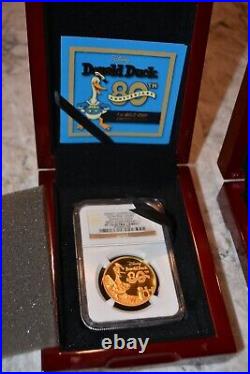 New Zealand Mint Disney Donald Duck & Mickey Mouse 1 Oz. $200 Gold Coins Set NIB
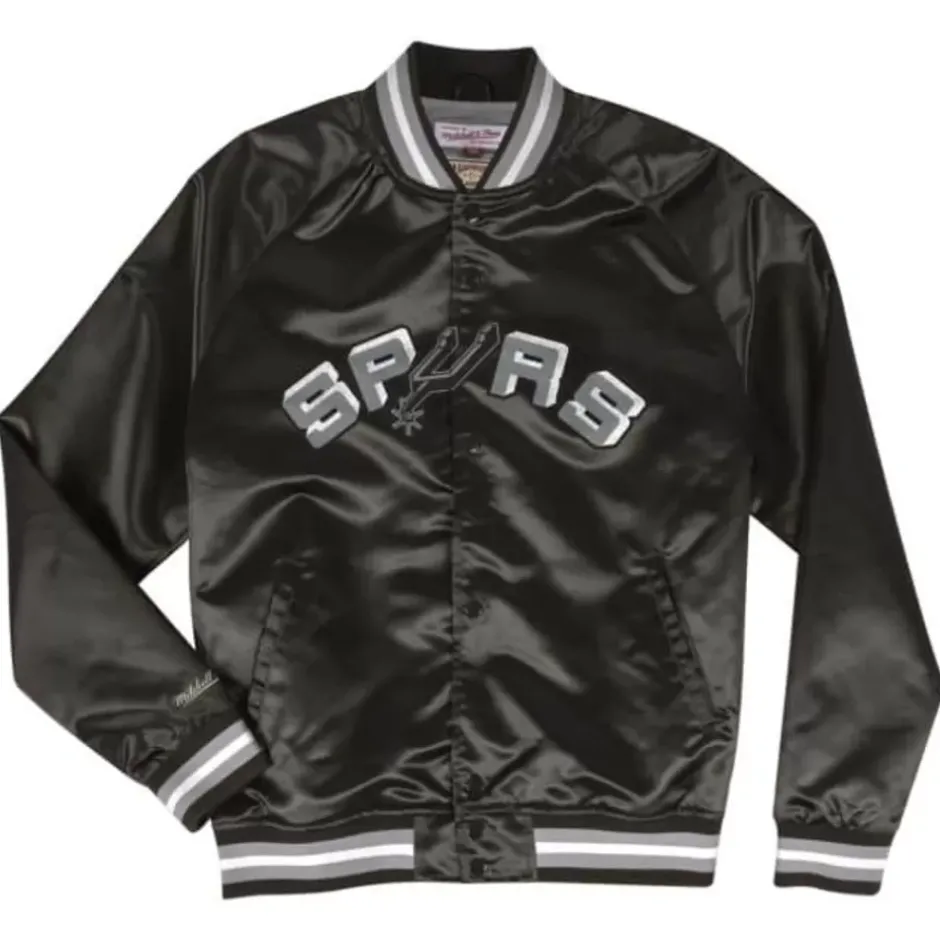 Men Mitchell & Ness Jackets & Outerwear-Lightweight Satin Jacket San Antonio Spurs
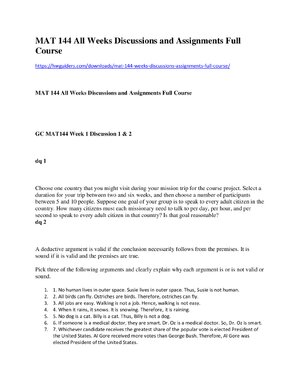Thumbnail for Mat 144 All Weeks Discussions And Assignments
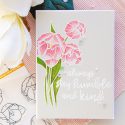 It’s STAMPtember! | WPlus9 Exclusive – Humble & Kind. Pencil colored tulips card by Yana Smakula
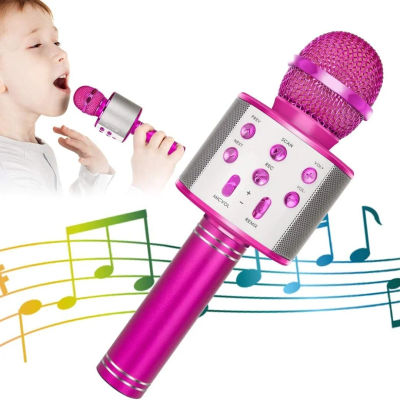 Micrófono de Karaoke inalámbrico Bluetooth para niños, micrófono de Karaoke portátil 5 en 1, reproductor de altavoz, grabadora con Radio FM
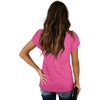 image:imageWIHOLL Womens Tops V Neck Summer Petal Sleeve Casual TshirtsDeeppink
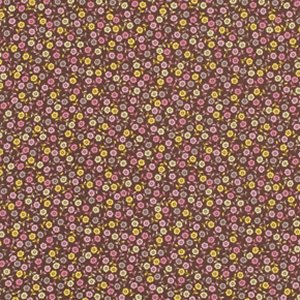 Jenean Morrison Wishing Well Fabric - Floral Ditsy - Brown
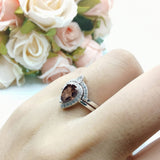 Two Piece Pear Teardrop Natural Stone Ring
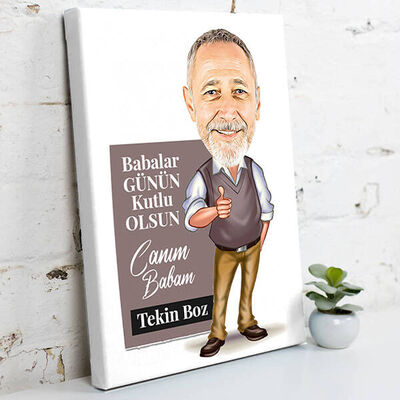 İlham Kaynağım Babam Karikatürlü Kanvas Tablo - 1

++++++++++

**What to work on:**
The listing above should be transcribed word for word, with its pictures left out.

**Exercise output:**
 New Zealand Mint Disney Donald Duck & Mickey Mouse 1 Oz. $200 Gold Coins Set NIB
 Men Mitchell & Ness Jackets & Outerwear-Lightweight Satin Jacket San Antonio Spurs
Thumbnail for Mat 144 All Weeks Discussions And Assignments
 It’s STAMPtember! | WPlus9 Exclusive – Humble & Kind. Pencil colored tulips card by Yana Smakula
 Micrófono de Karaoke inalámbrico Bluetooth para niños, micrófono de Karaoke portátil 5 en 1, reproductor de altavoz, grabadora con Radio FM
 image:imageWIHOLL Womens Tops V Neck Summer Petal Sleeve Casual TshirtsDeeppink
 Jenean Morrison Wishing Well Fabric - Floral Ditsy - Brown
 Two Piece Pear Teardrop Natural Stone Ring
 İlham Kaynağım Babam Karikatürlü Kanvas Tablo - 1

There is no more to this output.